Measuring What Matters: A Framework for EVM Decompiler Accuracy Metrics
Claims of “95% accuracy” or “best-in-class recovery” appear in EVM decompiler documentation without any shared definition of what’s being measured. Without agreed-upon metrics, you can’t compare tools, detect regressions, or know which shortcomings are worth fixing first.
This post proposes a framework for evaluating EVM decompiler output across three dimensions: structural fidelity, semantic preservation, and security analysis utility.
Why Current Evaluation Approaches Fall Short
When a decompiler transforms bytecode into readable code, there are three common ways people evaluate whether it did a good job — and all three have problems.
Manual inspection. Experts read the output and decide if it looks right. This doesn’t scale, it’s subjective, and it reliably misses subtle errors that have no visible surface.
Recompilation testing. Decompile, then compile the decompiled output back, then compare bytecodes. This fails because Solidity compilation is non-deterministic across versions and optimization settings. Different valid source can produce identical bytecode. You can’t use the compiler as a correctness oracle.
Round-trip testing. A variant of recompilation testing, with the same problems.
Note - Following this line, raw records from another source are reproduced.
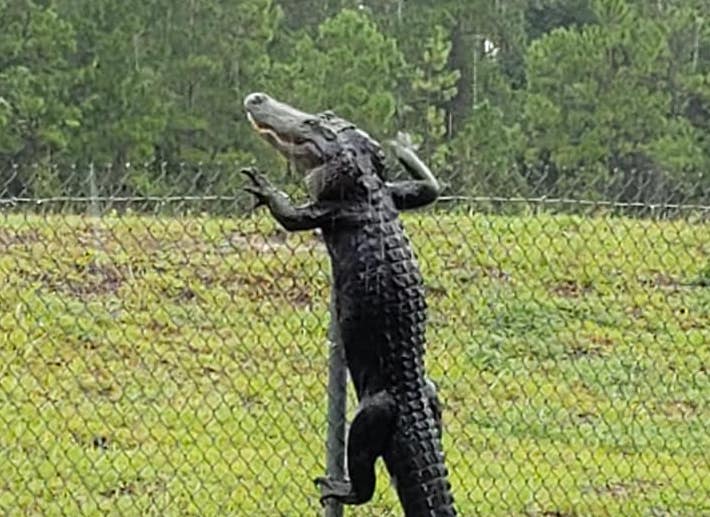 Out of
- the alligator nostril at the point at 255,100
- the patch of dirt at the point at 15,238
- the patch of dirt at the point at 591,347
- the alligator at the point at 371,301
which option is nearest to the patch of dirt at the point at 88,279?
the patch of dirt at the point at 15,238

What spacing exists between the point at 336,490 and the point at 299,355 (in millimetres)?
3277

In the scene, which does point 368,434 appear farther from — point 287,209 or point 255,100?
point 255,100

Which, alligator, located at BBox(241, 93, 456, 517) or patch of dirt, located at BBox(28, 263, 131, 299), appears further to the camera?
patch of dirt, located at BBox(28, 263, 131, 299)

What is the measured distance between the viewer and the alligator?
3801 millimetres

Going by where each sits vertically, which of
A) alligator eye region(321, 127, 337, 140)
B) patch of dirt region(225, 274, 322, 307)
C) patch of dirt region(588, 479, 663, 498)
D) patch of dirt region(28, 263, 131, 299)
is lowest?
patch of dirt region(225, 274, 322, 307)

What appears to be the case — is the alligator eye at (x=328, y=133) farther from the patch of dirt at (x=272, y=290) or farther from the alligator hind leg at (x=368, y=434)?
the patch of dirt at (x=272, y=290)

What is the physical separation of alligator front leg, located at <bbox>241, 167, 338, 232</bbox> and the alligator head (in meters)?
0.05

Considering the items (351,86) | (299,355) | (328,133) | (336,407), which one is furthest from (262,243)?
(351,86)

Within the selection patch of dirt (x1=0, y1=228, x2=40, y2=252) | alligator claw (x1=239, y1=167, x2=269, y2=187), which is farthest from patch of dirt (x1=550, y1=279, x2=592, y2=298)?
alligator claw (x1=239, y1=167, x2=269, y2=187)

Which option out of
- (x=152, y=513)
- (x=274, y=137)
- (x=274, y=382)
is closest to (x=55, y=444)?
(x=152, y=513)

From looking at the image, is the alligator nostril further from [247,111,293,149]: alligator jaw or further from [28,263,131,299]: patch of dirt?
[28,263,131,299]: patch of dirt

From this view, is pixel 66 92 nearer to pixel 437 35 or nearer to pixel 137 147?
pixel 137 147

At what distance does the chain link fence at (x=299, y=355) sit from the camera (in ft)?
18.4

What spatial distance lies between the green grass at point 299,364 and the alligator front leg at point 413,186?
5.49ft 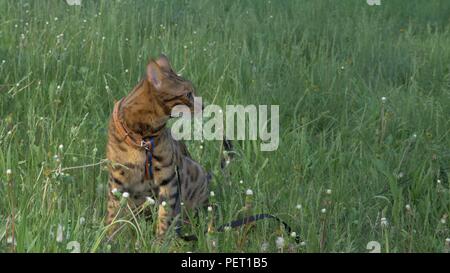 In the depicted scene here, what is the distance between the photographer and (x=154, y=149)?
13.5ft

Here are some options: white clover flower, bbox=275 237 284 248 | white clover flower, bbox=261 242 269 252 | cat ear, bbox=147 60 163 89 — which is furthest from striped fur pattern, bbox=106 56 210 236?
white clover flower, bbox=275 237 284 248

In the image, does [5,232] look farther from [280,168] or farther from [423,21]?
[423,21]

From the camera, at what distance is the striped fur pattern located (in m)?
4.03

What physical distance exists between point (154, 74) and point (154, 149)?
0.43m

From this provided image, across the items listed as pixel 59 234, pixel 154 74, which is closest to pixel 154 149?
pixel 154 74

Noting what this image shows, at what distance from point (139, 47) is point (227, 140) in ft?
6.93

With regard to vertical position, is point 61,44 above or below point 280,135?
above

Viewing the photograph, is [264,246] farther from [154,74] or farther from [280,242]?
[154,74]

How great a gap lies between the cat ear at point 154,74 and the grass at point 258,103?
1.66ft

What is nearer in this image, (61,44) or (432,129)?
(432,129)

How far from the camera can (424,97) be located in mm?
6418

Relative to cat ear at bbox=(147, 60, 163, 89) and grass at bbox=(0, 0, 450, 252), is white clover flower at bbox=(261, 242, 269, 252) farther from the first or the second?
cat ear at bbox=(147, 60, 163, 89)

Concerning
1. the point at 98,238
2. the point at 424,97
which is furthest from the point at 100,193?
the point at 424,97

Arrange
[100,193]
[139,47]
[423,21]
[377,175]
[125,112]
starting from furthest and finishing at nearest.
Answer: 1. [423,21]
2. [139,47]
3. [377,175]
4. [100,193]
5. [125,112]
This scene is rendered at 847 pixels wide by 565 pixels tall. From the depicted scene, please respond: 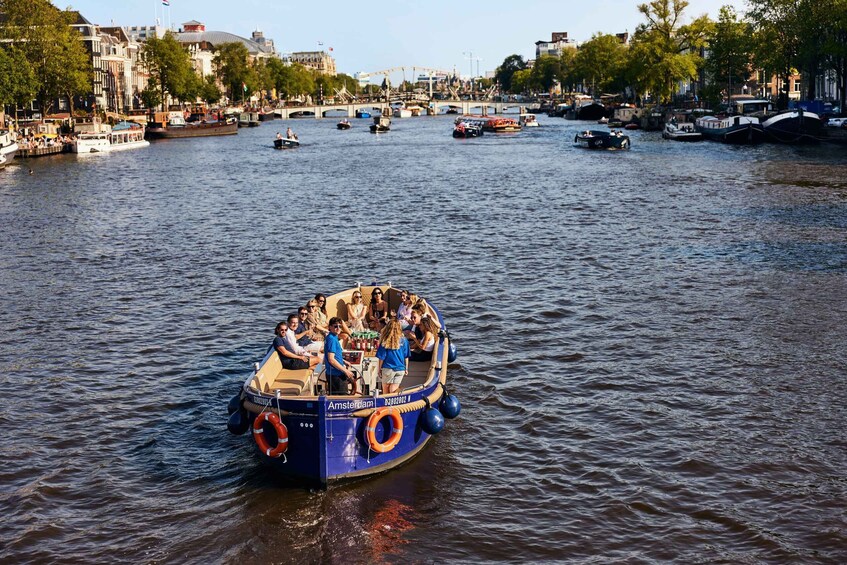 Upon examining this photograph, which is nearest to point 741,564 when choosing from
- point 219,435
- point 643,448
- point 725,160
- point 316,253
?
point 643,448

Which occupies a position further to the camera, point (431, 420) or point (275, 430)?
point (431, 420)

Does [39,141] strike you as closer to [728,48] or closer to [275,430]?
[728,48]

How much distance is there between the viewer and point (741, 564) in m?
18.4

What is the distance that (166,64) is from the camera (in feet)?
614

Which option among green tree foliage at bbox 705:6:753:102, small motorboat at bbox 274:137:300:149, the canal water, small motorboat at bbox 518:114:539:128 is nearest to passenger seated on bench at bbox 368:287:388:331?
the canal water

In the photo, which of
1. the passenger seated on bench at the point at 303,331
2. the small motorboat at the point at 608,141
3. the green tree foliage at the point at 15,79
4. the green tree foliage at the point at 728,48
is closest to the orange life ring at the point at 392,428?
the passenger seated on bench at the point at 303,331

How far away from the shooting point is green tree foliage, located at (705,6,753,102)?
14662 cm

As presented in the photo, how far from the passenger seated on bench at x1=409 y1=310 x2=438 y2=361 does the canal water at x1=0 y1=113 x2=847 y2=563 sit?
1.87m

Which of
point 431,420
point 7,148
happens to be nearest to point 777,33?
point 7,148

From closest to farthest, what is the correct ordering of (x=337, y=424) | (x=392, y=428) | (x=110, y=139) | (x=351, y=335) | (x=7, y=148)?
(x=337, y=424) → (x=392, y=428) → (x=351, y=335) → (x=7, y=148) → (x=110, y=139)

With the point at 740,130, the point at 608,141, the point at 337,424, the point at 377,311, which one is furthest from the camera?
the point at 608,141

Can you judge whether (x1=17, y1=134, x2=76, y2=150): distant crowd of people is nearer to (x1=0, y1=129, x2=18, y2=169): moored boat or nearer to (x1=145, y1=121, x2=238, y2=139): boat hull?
(x1=0, y1=129, x2=18, y2=169): moored boat

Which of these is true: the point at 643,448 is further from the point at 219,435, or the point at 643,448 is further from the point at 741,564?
the point at 219,435

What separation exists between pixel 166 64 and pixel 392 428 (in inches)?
7008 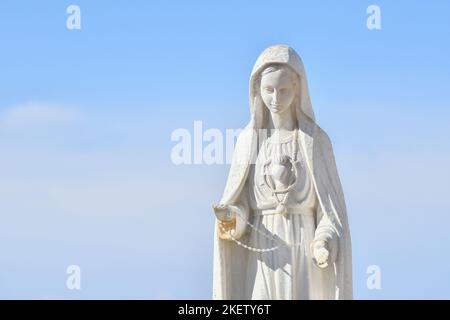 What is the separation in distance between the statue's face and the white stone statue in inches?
0.6

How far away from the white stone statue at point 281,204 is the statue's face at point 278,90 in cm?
1

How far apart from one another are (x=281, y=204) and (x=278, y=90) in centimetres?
161

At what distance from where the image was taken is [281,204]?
50844mm

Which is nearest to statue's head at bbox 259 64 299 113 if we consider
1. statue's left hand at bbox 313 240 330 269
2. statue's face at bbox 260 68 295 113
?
statue's face at bbox 260 68 295 113

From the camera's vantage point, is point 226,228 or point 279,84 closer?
point 226,228

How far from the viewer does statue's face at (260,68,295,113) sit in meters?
50.9

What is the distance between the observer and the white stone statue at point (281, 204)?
50625mm

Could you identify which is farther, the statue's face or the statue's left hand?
the statue's face

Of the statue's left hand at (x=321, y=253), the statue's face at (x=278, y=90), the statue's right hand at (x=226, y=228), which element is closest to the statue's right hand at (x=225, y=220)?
the statue's right hand at (x=226, y=228)

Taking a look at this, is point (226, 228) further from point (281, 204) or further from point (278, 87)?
point (278, 87)

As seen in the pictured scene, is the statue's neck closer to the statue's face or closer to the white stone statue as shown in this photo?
the white stone statue

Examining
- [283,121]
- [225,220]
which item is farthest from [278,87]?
[225,220] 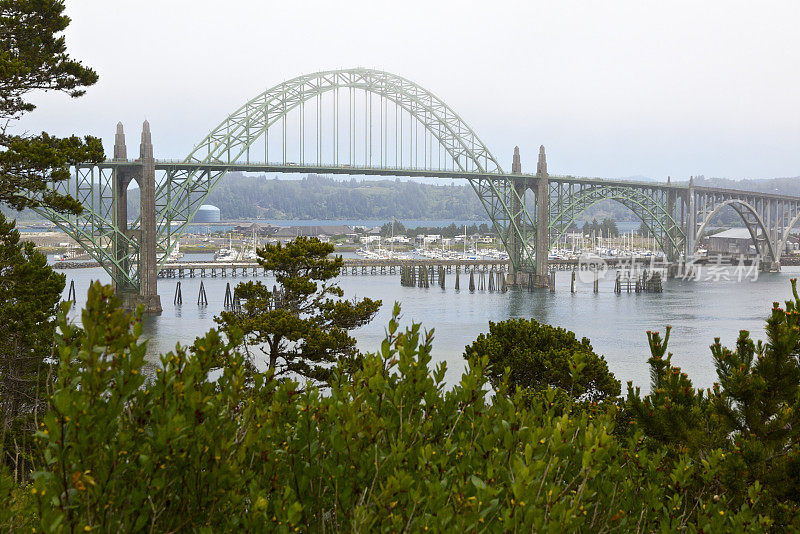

Compilation is lossy; it papers over errors in the decompiled source before the comparison happens.
A useful metric needs to capture what actually matters for the use case — which, for security-focused decompilation, is whether the output supports correct vulnerability detection.
Dimension 1: Structural Fidelity
Structural fidelity asks whether the decompiled output reflects the organization of the original code.
Function Boundary Accuracy
Did the decompiler correctly identify where each function begins and ends?
Ground truth (from verified source):
Function A: bytes 0x00-0x4f
Function B: bytes 0x50-0x9f
Function C: bytes 0xa0-0xff
Decompiler output:
Function A: bytes 0x00-0x4f ✓
Function B: bytes 0x50-0x8f ✗ truncated
Function C: bytes 0x90-0xff ✗ wrong start
Metrics:
Function count accuracy: 3/3 = 100%
Boundary precision: 1/3 = 33%
Byte coverage: 240/256 = 94%
Formal definition:
FBA = |correctly bounded functions| / |total functions|
A function is "correctly bounded" when:
- Start address matches a dispatcher target
- End address includes all reachable basic blocks
- No overlap with other functions
Control Flow Graph Preservation
Does the decompiled CFG match the bytecode-level CFG?
Original CFG:
Block A → Block B (conditional)
Block A → Block C (fallthrough)
Block B → Block D
Block C → Block D (merge)
Decompiled code:
if (condition) { /* Block B */ }
else { /* Block C */ }
/* Block D */
Scores:
Nodes: 4/4
Edges: 4/4
Structural isomorphism: yes
A weighted metric:
CFG_Score = α * (matched_nodes / total_nodes)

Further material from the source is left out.